*** SOURCE RECORDS ***

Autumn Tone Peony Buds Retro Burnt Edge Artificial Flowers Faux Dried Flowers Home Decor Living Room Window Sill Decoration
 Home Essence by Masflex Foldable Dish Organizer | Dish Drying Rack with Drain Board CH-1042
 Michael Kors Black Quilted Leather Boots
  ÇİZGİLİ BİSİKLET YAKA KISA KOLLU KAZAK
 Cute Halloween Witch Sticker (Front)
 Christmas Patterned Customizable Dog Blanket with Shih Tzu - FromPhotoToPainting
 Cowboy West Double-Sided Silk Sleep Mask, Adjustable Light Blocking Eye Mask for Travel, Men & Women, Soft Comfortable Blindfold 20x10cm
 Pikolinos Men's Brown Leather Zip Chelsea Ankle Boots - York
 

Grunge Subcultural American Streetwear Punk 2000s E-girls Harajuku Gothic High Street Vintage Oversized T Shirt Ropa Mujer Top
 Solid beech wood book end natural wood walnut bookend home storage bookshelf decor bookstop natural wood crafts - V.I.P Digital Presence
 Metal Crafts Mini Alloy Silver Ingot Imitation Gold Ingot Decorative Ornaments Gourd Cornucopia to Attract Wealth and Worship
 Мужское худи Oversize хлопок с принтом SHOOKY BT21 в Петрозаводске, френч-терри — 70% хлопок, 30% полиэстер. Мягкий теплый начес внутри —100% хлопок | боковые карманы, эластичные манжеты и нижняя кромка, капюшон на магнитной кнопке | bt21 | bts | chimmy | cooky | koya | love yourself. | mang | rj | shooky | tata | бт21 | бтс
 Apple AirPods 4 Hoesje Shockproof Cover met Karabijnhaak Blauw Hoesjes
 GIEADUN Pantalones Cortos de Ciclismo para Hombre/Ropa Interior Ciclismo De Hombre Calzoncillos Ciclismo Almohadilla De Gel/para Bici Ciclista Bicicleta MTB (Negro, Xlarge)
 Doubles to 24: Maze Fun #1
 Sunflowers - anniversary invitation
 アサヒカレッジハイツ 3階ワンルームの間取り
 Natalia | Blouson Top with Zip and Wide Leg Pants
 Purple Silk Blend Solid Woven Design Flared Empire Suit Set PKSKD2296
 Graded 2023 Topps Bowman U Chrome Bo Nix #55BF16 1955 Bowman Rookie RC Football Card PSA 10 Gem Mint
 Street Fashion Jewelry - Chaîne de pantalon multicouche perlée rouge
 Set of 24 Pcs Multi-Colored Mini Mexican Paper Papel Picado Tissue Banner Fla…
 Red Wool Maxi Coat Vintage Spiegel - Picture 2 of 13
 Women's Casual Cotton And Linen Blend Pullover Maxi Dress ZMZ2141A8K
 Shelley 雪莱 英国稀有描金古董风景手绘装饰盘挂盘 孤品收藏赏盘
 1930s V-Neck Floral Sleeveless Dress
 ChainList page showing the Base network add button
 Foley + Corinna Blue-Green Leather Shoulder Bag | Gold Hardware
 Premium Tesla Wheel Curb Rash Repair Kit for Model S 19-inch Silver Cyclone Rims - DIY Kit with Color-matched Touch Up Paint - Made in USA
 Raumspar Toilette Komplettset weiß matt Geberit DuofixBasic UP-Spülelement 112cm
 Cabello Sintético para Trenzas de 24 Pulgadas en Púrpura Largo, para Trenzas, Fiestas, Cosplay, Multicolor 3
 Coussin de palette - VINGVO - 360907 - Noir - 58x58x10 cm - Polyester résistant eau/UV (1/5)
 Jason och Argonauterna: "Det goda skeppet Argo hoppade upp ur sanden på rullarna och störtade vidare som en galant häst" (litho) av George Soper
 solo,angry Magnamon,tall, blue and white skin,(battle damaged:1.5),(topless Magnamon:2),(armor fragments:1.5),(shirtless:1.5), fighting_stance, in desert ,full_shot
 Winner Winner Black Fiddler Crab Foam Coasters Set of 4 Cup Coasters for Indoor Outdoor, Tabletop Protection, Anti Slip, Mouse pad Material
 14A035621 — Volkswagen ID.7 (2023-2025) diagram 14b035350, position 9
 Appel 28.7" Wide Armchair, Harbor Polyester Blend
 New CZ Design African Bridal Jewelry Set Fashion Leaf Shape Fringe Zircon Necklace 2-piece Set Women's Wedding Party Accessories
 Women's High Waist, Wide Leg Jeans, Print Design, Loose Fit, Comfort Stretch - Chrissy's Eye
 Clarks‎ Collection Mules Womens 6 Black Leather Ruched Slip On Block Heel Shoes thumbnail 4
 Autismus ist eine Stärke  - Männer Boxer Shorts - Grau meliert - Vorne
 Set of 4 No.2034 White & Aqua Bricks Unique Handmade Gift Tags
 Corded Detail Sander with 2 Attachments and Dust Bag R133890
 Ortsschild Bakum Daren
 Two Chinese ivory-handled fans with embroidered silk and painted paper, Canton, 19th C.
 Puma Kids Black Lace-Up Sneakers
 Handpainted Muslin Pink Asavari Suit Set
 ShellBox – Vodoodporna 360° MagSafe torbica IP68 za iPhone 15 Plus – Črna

*** End of SOURCE RECORDS ***

> [PROBLEM REQUIREMENTS]
Could all of the entries be retyped word for word?

> [RESPONSE AREA]
Autumn Tone Peony Buds Retro Burnt Edge Artificial Flowers Faux Dried Flowers Home Decor Living Room Window Sill Decoration
 Home Essence by Masflex Foldable Dish Organizer | Dish Drying Rack with Drain Board CH-1042
 Michael Kors Black Quilted Leather Boots
  ÇİZGİLİ BİSİKLET YAKA KISA KOLLU KAZAK
 Cute Halloween Witch Sticker (Front)
 Christmas Patterned Customizable Dog Blanket with Shih Tzu - FromPhotoToPainting
 Cowboy West Double-Sided Silk Sleep Mask, Adjustable Light Blocking Eye Mask for Travel, Men & Women, Soft Comfortable Blindfold 20x10cm
 Pikolinos Men's Brown Leather Zip Chelsea Ankle Boots - York
 

Grunge Subcultural American Streetwear Punk 2000s E-girls Harajuku Gothic High Street Vintage Oversized T Shirt Ropa Mujer Top
 Solid beech wood book end natural wood walnut bookend home storage bookshelf decor bookstop natural wood crafts - V.I.P Digital Presence
 Metal Crafts Mini Alloy Silver Ingot Imitation Gold Ingot Decorative Ornaments Gourd Cornucopia to Attract Wealth and Worship
 Мужское худи Oversize хлопок с принтом SHOOKY BT21 в Петрозаводске, френч-терри — 70% хлопок, 30% полиэстер. Мягкий теплый начес внутри —100% хлопок | боковые карманы, эластичные манжеты и нижняя кромка, капюшон на магнитной кнопке | bt21 | bts | chimmy | cooky | koya | love yourself. | mang | rj | shooky | tata | бт21 | бтс
 Apple AirPods 4 Hoesje Shockproof Cover met Karabijnhaak Blauw Hoesjes
 GIEADUN Pantalones Cortos de Ciclismo para Hombre/Ropa Interior Ciclismo De Hombre Calzoncillos Ciclismo Almohadilla De Gel/para Bici Ciclista Bicicleta MTB (Negro, Xlarge)
 Doubles to 24: Maze Fun #1
 Sunflowers - anniversary invitation
 アサヒカレッジハイツ 3階ワンルームの間取り
 Natalia | Blouson Top with Zip and Wide Leg Pants
 Purple Silk Blend Solid Woven Design Flared Empire Suit Set PKSKD2296
 Graded 2023 Topps Bowman U Chrome Bo Nix #55BF16 1955 Bowman Rookie RC Football Card PSA 10 Gem Mint
 Street Fashion Jewelry - Chaîne de pantalon multicouche perlée rouge
 Set of 24 Pcs Multi-Colored Mini Mexican Paper Papel Picado Tissue Banner Fla…
 Red Wool Maxi Coat Vintage Spiegel - Picture 2 of 13
 Women's Casual Cotton And Linen Blend Pullover Maxi Dress ZMZ2141A8K
 Shelley 雪莱 英国稀有描金古董风景手绘装饰盘挂盘 孤品收藏赏盘
 1930s V-Neck Floral Sleeveless Dress
 ChainList page showing the Base network add button
 Foley + Corinna Blue-Green Leather Shoulder Bag | Gold Hardware
 Premium Tesla Wheel Curb Rash Repair Kit for Model S 19-inch Silver Cyclone Rims - DIY Kit with Color-matched Touch Up Paint - Made in USA
 Raumspar Toilette Komplettset weiß matt Geberit DuofixBasic UP-Spülelement 112cm
 Cabello Sintético para Trenzas de 24 Pulgadas en Púrpura Largo, para Trenzas, Fiestas, Cosplay, Multicolor 3
 Coussin de palette - VINGVO - 360907 - Noir - 58x58x10 cm - Polyester résistant eau/UV (1/5)
 Jason och Argonauterna: "Det goda skeppet Argo hoppade upp ur sanden på rullarna och störtade vidare som en galant häst" (litho) av George Soper
 solo,angry Magnamon,tall, blue and white skin,(battle damaged:1.5),(topless Magnamon:2),(armor fragments:1.5),(shirtless:1.5), fighting_stance, in desert ,full_shot
 Winner Winner Black Fiddler Crab Foam Coasters Set of 4 Cup Coasters for Indoor Outdoor, Tabletop Protection, Anti Slip, Mouse pad Material
 14A035621 — Volkswagen ID.7 (2023-2025) diagram 14b035350, position 9
 Appel 28.7" Wide Armchair, Harbor Polyester Blend
 New CZ Design African Bridal Jewelry Set Fashion Leaf Shape Fringe Zircon Necklace 2-piece Set Women's Wedding Party Accessories
 Women's High Waist, Wide Leg Jeans, Print Design, Loose Fit, Comfort Stretch - Chrissy's Eye
 Clarks‎ Collection Mules Womens 6 Black Leather Ruched Slip On Block Heel Shoes thumbnail 4
 Autismus ist eine Stärke  - Männer Boxer Shorts - Grau meliert - Vorne
 Set of 4 No.2034 White & Aqua Bricks Unique Handmade Gift Tags
 Corded Detail Sander with 2 Attachments and Dust Bag R133890
 Ortsschild Bakum Daren
 Two Chinese ivory-handled fans with embroidered silk and painted paper, Canton, 19th C.
 Puma Kids Black Lace-Up Sneakers
 Handpainted Muslin Pink Asavari Suit Set
 ShellBox – Vodoodporna 360° MagSafe torbica IP68 za iPhone 15 Plus – Črna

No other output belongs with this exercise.